On 22 April the commander of the North Eastern Command ordered the SSPP/SSA to allow joint field inspections to be conducted on 27 April.
SSPP/SSA spokesperson's Colonel Sai La said: “We haven’t replied to their demands yet. We haven’t even held a central committee meeting yet. We have no place to stay. We won’t withdraw. They said the same thing in the past and attacked us. Now, we have to make ourselves ready for combat. The military wants us to stay only in Wan Hai [the SSPP/SSA headquarters]. Nobody has finalized who should stay where yet. We have been living here for more than 50 years now.”

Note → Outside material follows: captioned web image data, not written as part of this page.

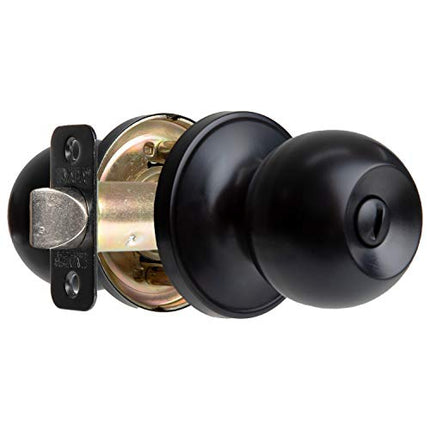 Ilyapa Privacy Door Knob for Bed/Bath - Ball, Matte Black Interior Keyless Turn Thumb Locking Round Door Handle, Matte Black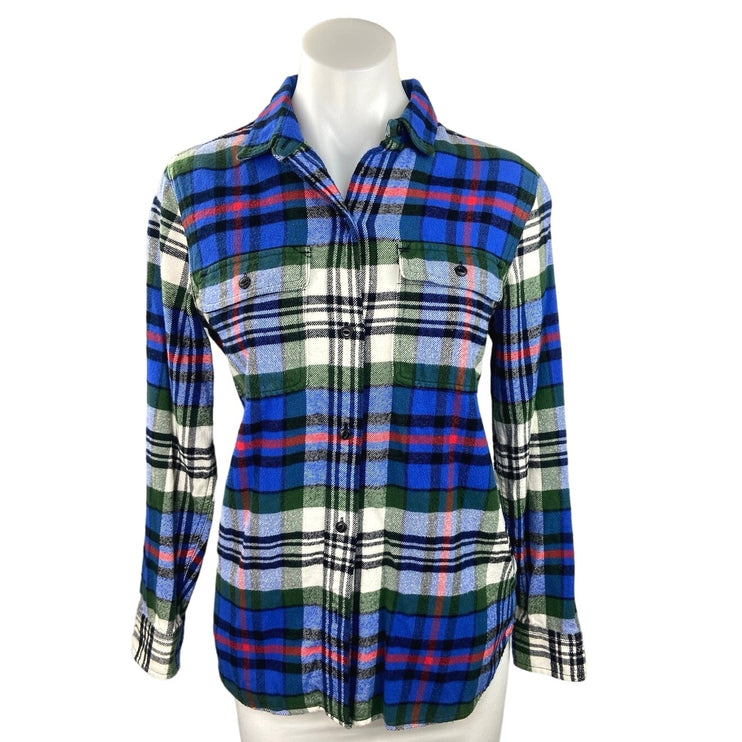 Madewell Blue Plaid Flannel Button Down Pockets Long Sleeve Collar Shirt Top XS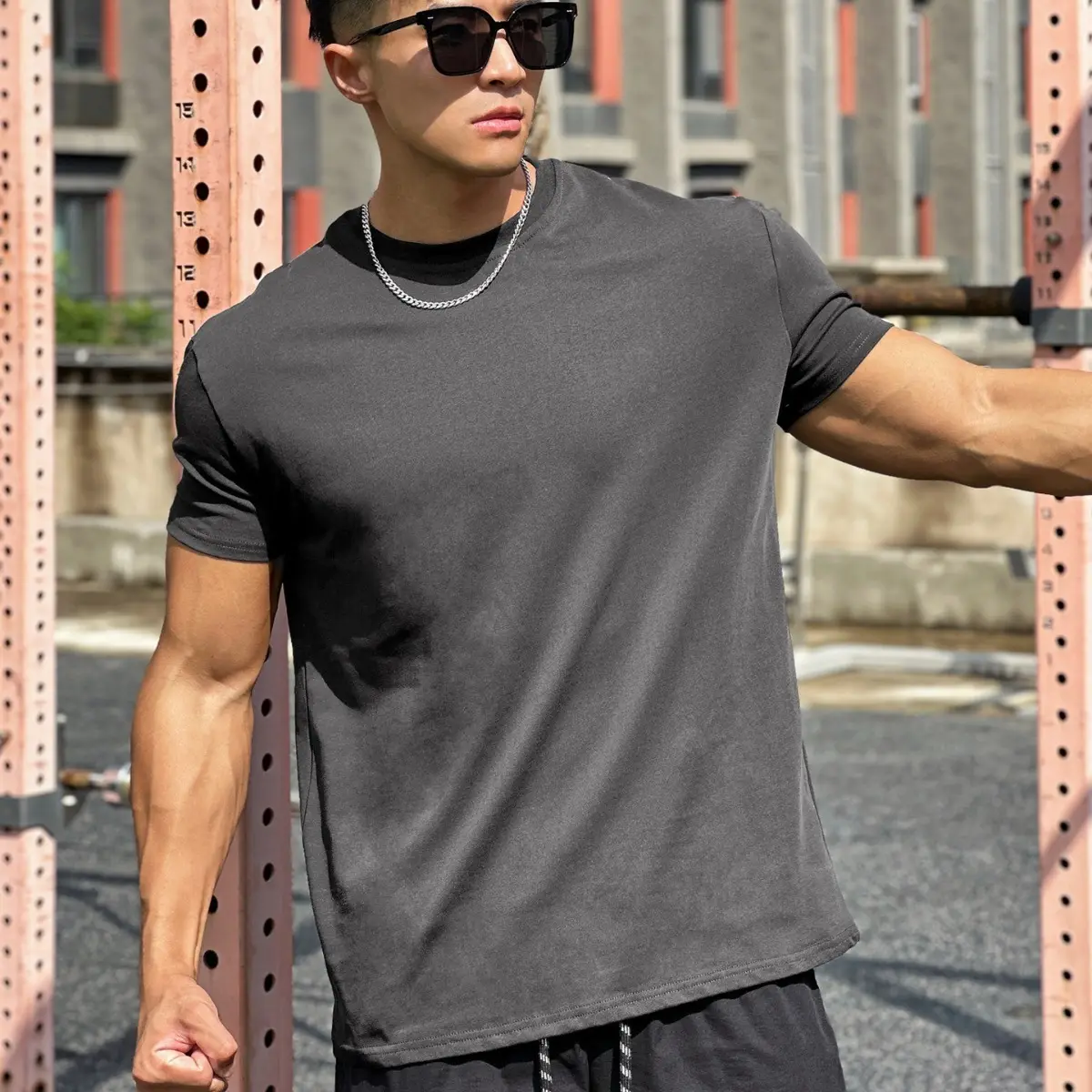 Muscle Sports Loose Cotton Fitness Short Sleeve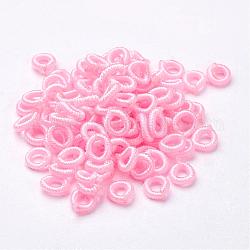 Polyester Weave Beads, Ring, Pearl Pink, 6x2mm, Hole: 3mm, about 200pcs/bag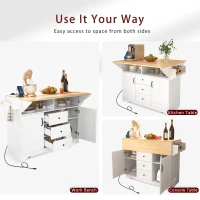 Kitchen Island with 2 Drop Leaves, 3 Drawers, Spice Rack, Power Outlet, Rolling Cart for Dining Room, Kitchen, 56" L x 33.5" W x 36.5" H, White(m-6)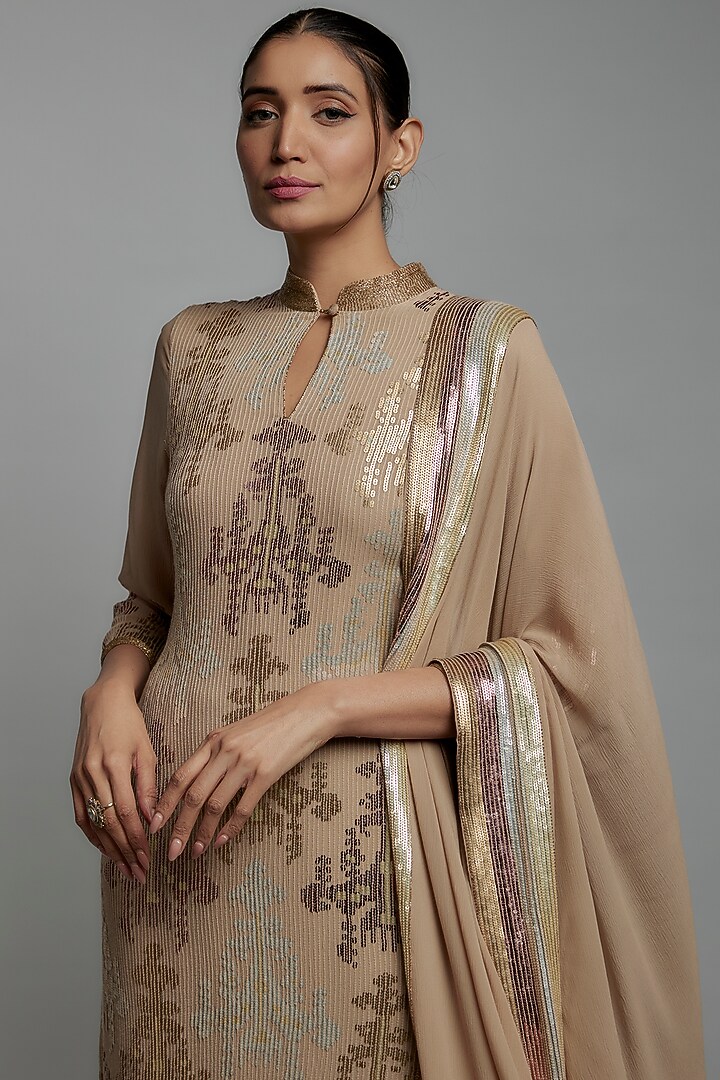 Beige Chiffon Sequins Embroidered Bridal Sharara Set by Nakul Sen at Pernia's Pop Up Shop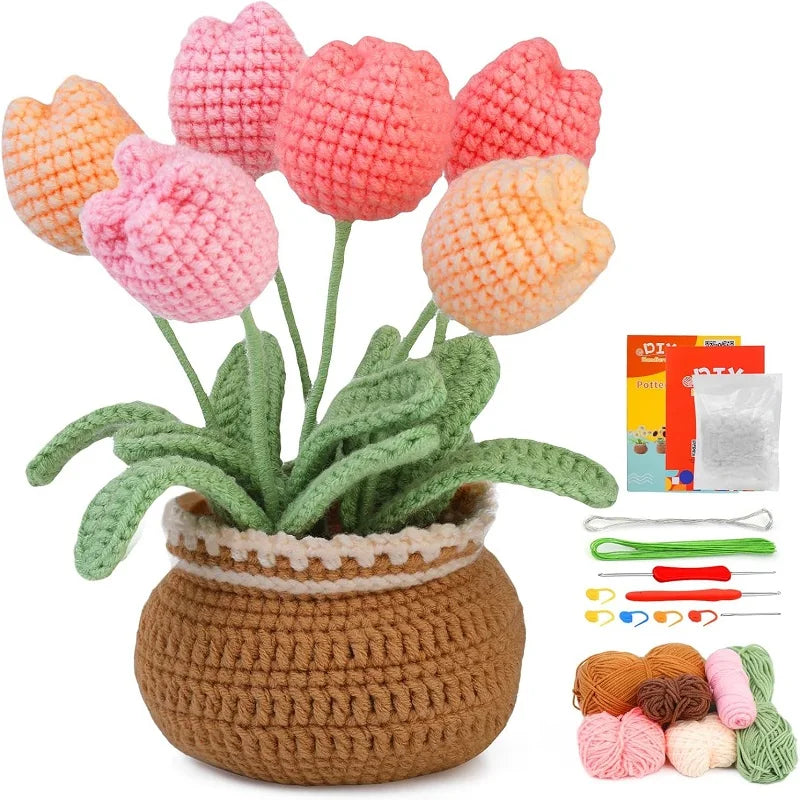 BUDDUR Beginner Crochet Kit of Flowers with Cotton Yarn and Instructions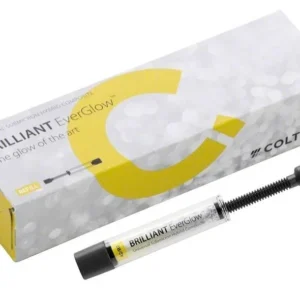 BRILLIANT EverGlow™ Spritze A2/B2 mit Verpackung auf weißem Hintergrund.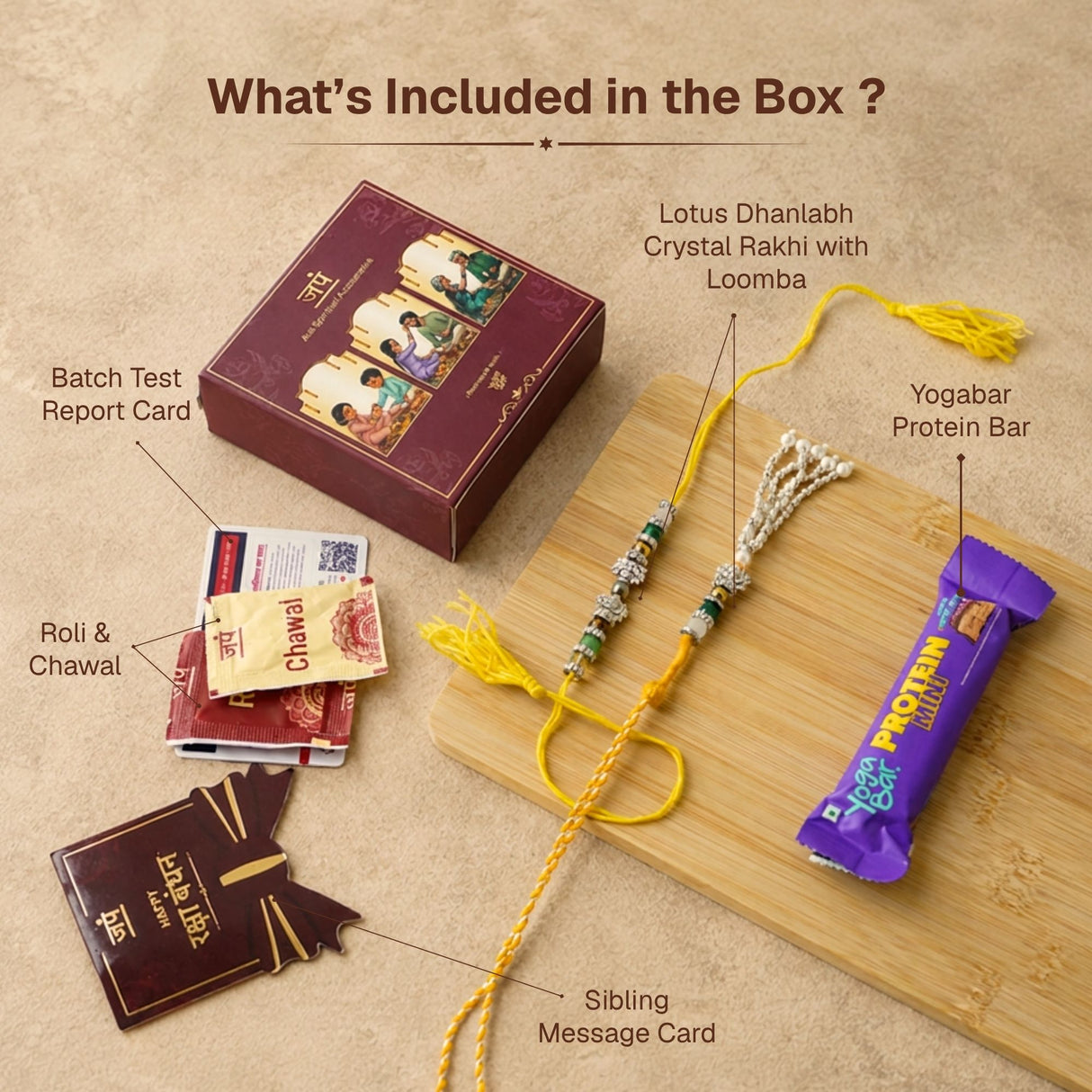 Lotus Dhanlabh Crystal Rakhi with Looomba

When S.H.A.N. contacted the Pyidaungsu Institute's U Khun Sai he said: “The Burmese military seems to want to secure as much land as it can before political dialogue starts with the new government. These kind of acts affect trust.”
According to the SPP/SSA since 2012 the Myanmar Army has made similar requests to visit and inspect their bases before launching attacks on SSPP/SSA positions.
The Myanmar Army previously requested to visit the vicinity of Tar Phar Saung Bridge, which is located between Ke See and Hsipaw, before attacking it in 2014.
Although the SSPP/SSA has not participated in the signing of the nationwide ceasefire agreement the group participated in the drafting of the ceasefire agreement. It also signed a union-level and state-level ceasefire agreement with the Thein Sein administration.